Content starts

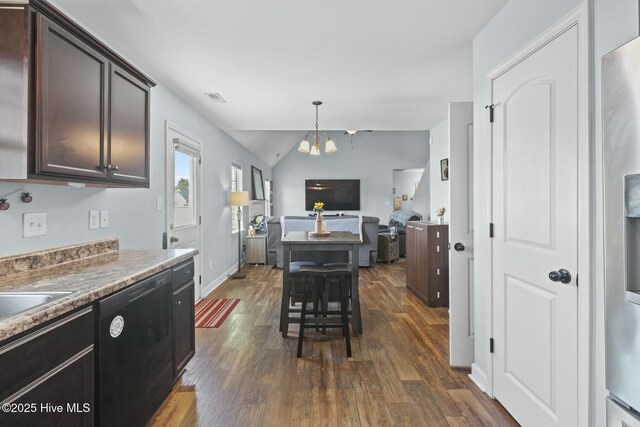 kitchen featuring dark brown cabinetry, a chandelier, black dishwasher, visible vents, and dark wood-style flooring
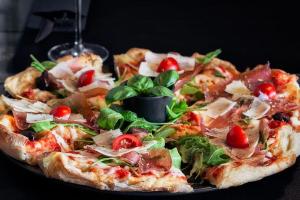 uma pizza sentada em cima de um prato preto em Hotel Cool Zagreb Airport em Velika Gorica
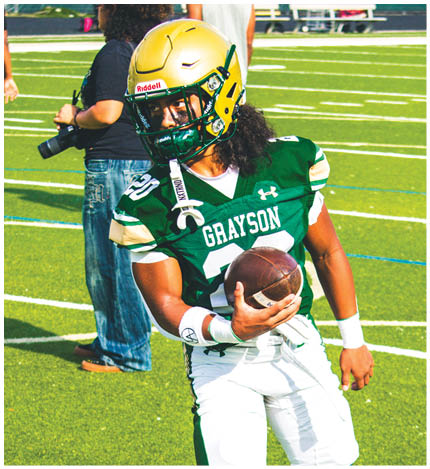 A person wearing a green and white football uniform with the name Grayson is holding a football and standing on a field with another person in the background holding a camera. Description generated by AI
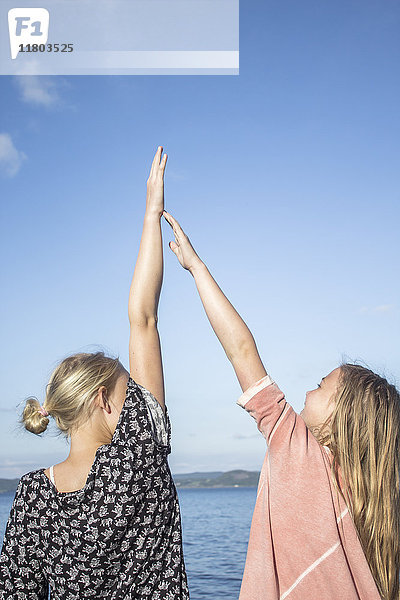 Zwei Mädchen geben sich die Hand  das Meer im Hintergrund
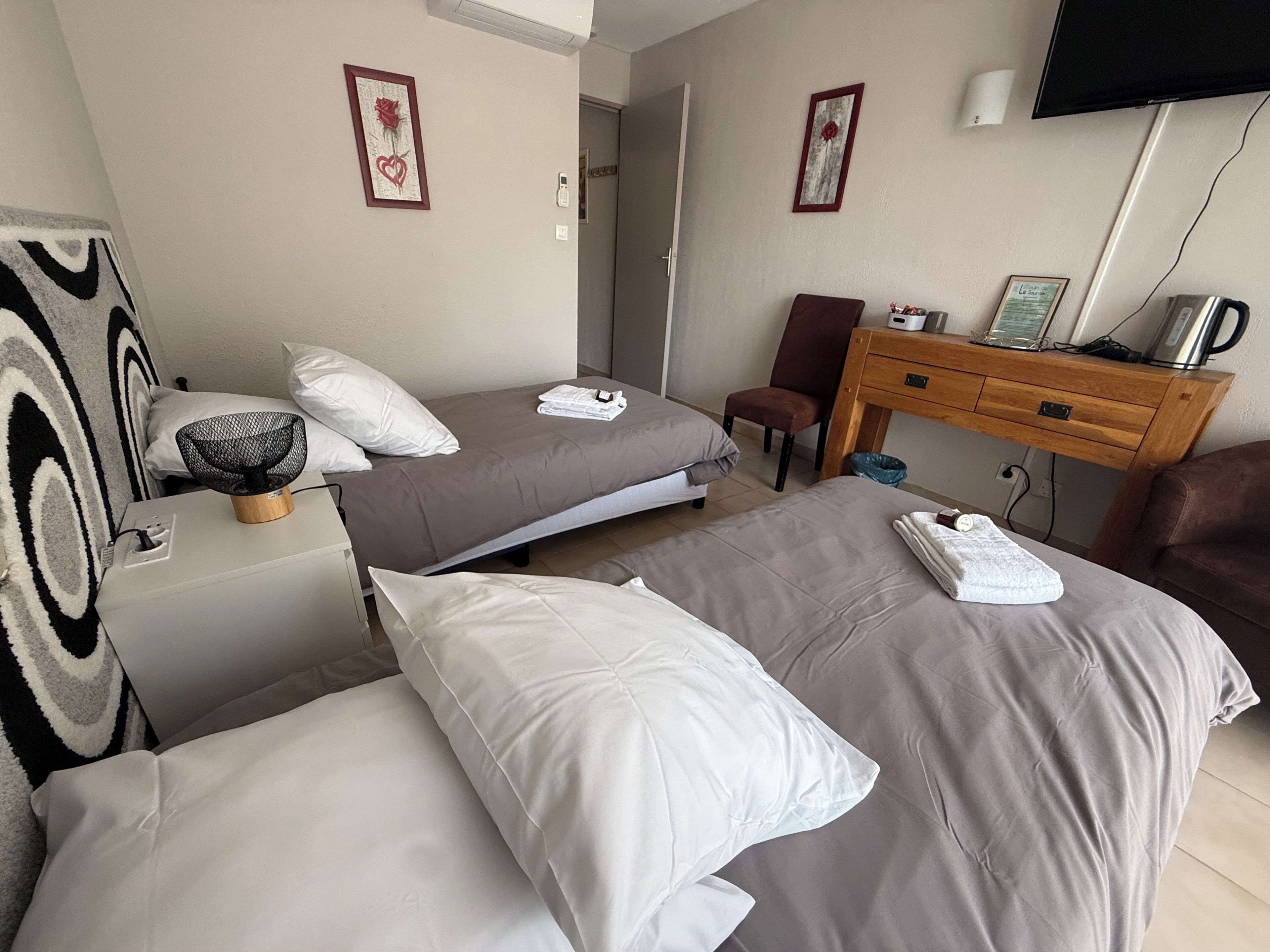 A hotel room with two beds, a desk, a chair, a TV, and artwork on the walls.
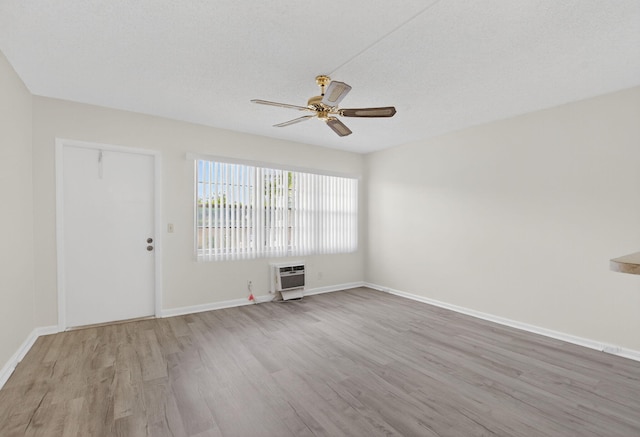 63 Dorset Unit B, Boca Raton, FL 33434 - spare room with wood finished floors, ceiling fan, heating unit, and a textured ceiling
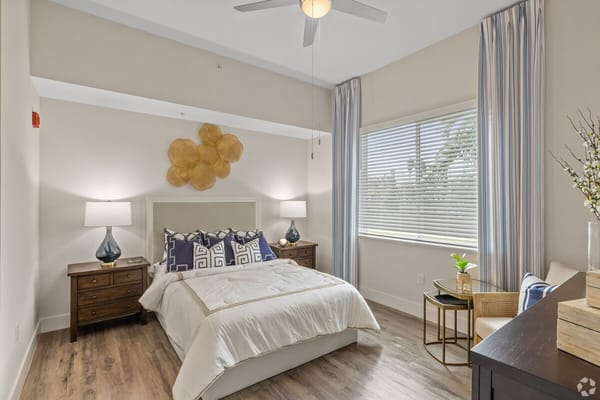 Brightly decorated private resident room with natural light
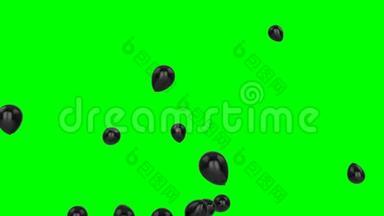 漂浮在绿色上的黑色气球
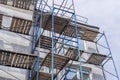 scaffolding on the facade of a house under construction Royalty Free Stock Photo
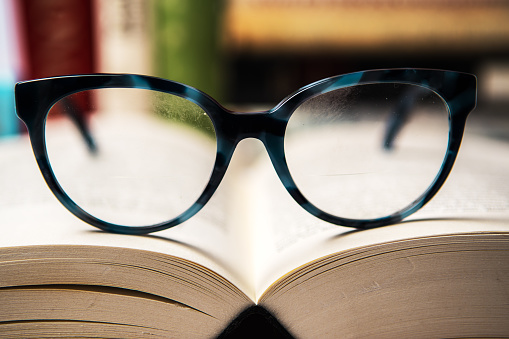 Slightly smudged Eyeglasses with blue frame on open book with blurred books in background. Reading learning concept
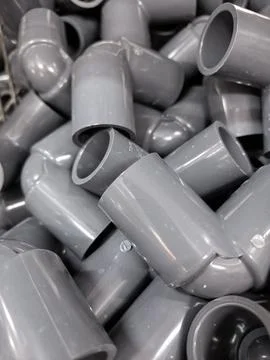 Abstract Pattern of Grey PVC Pipe T-Joints Stock Photos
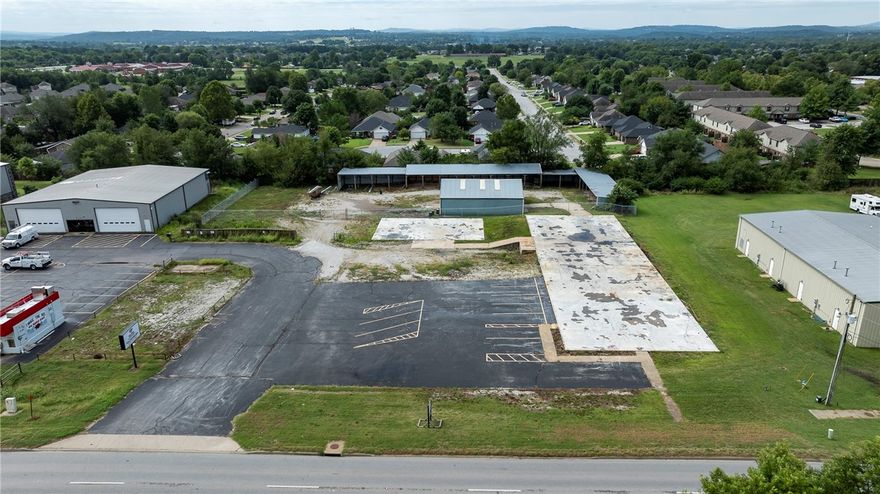 Discover the perfect commercial opportunity with this versatile property offering a unique blend of features designed to accommodate a wide range of business opportunities right on hwy 412 E! The lot provides ample room to expand, with the potential to add more warehouse space or to develop retail space, a flex warehouse, or a combination of both, this property offers an open slate to bring your vision to life.  Situated on 1.80 +/- acres, this property has a 2,000 sqft warehouse space, perfect for storage or distribution. Additionally, the property includes covered outdoor storage, ideal for equipment or inventory that requires protection from the elements. The site is fenced, Tenant or owner is to provide their own security measures.  The property where the fence is enclosing the warehouse portion is also for rent, $3,000.00 a month. Every Tenant is Responsible contacting the City to verify their specific use for the property.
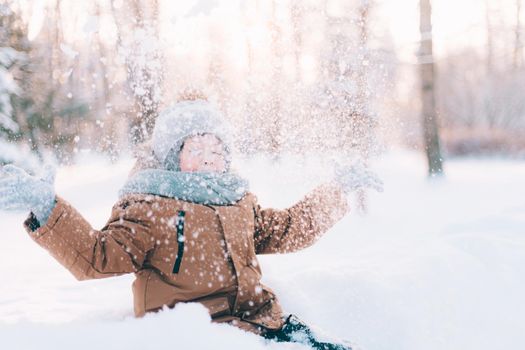 The boy throws snow in winter lifestyle . Winter walks. An article about children's winter leisure. Entertainments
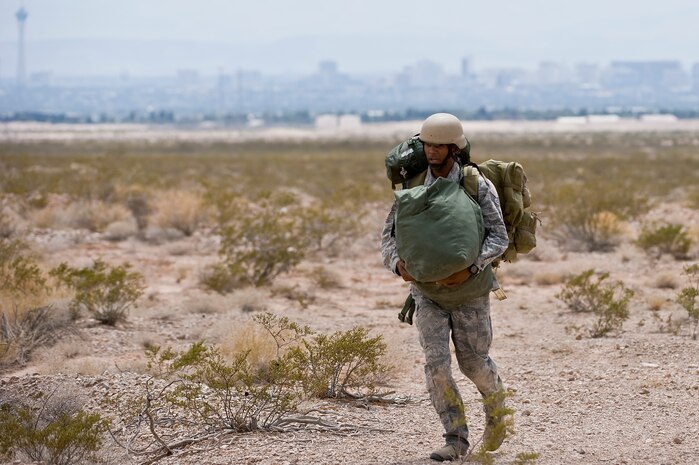 U.S. Air Force Staff Sgt. Odell Glasper, 820th RED HORSE Airborne Flight pavement and construction equipment journeyman, runs to a rally point during a training mission July 12, 2013, at Nellis Air Force Base, Nev. Airmen from the 820th RED HORSE  meet at a central location for accountability after each jump. (U.S. Air Force photo by Senior Airman Matthew Lancaster)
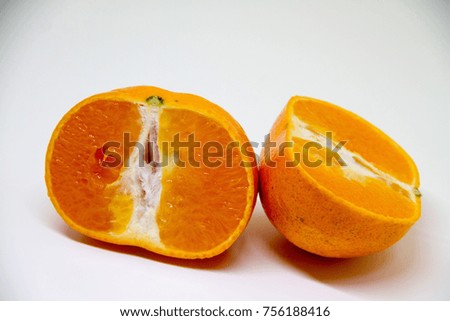 Two halves of orange on white background.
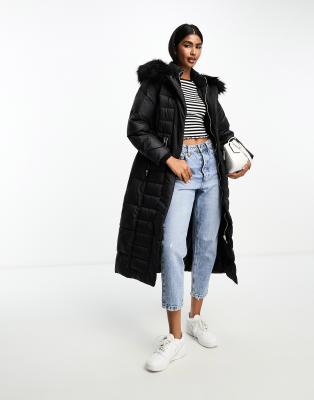 River Island - Maxi-Steppmantel in Schwarz mit Gürtel und Kapuze mit Kunstpelzbesatz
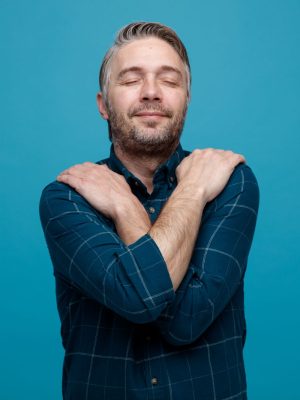 hombre-de-mediana-edad-con-cabello-gris-en-camisa-de-color-oscuro-que-parece-complacido-y-feliz-abrazandose-si-mismo-de-pie-sobre-fondo-azul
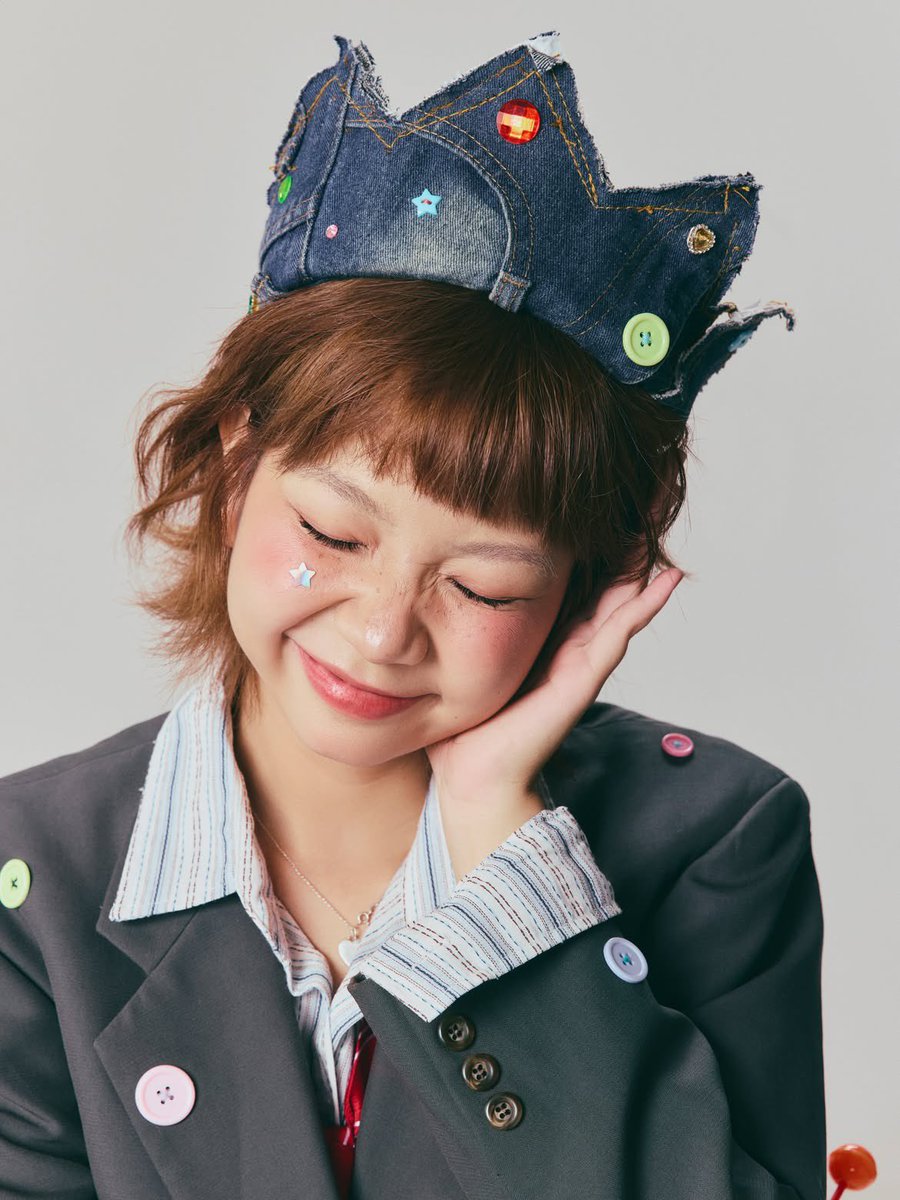超写实编辑时尚肖像：一位俏皮的年轻女性，留着短款层叠栗棕色波波头与齐整的直刘海，柔和自然妆容配以玫瑰色腮红，鼻梁上有淡淡的雀斑，粉色光泽唇，长而卷翘的睫毛，搭配上挑眼线，一侧面颊贴着一枚小巧的...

Content ends

WHAT YOU SHOULD DO - Transcribe, word for word, only the material from its opening line through the line containing "Discover the perfect", both ends included, and omit the pictures.

ANSWER BOX -
 kitchen featuring dark brown cabinetry, a chandelier, black dishwasher, visible vents, and dark wood-style flooring
 uma pizza sentada em cima de um prato preto em Hotel Cool Zagreb Airport em Velika Gorica
 A person wearing a green and white football uniform with the name Grayson is holding a football and standing on a field with another person in the background holding a camera. Description generated by AI
 Zwei Mädchen geben sich die Hand  das Meer im Hintergrund
 A hotel room with two beds, a desk, a chair, a TV, and artwork on the walls.
 63 Dorset Unit B, Boca Raton, FL 33434 - spare room with wood finished floors, ceiling fan, heating unit, and a textured ceiling
 Brightly decorated private resident room with natural light
 漂浮在绿色上的黑色气球
 scaffolding on the facade of a house under construction Royalty Free Stock Photo
 Slightly smudged Eyeglasses with blue frame on open book with blurred books in background. Reading learning concept
 Abstract Pattern of Grey PVC Pipe T-Joints Stock Photos
 Discover the perfect commercial opportunity with this versatile property offering a unique blend of features designed to accommodate a wide range of business opportunities right on hwy 412 E! The lot provides ample room to expand, with the potential to add more warehouse space or to develop retail space, a flex warehouse, or a combination of both, this property offers an open slate to bring your vision to life.  Situated on 1.80 +/- acres, this property has a 2,000 sqft warehouse space, perfect for storage or distribution. Additionally, the property includes covered outdoor storage, ideal for equipment or inventory that requires protection from the elements. The site is fenced, Tenant or owner is to provide their own security measures.  The property where the fence is enclosing the warehouse portion is also for rent, $3,000.00 a month. Every Tenant is Responsible contacting the City to verify their specific use for the property.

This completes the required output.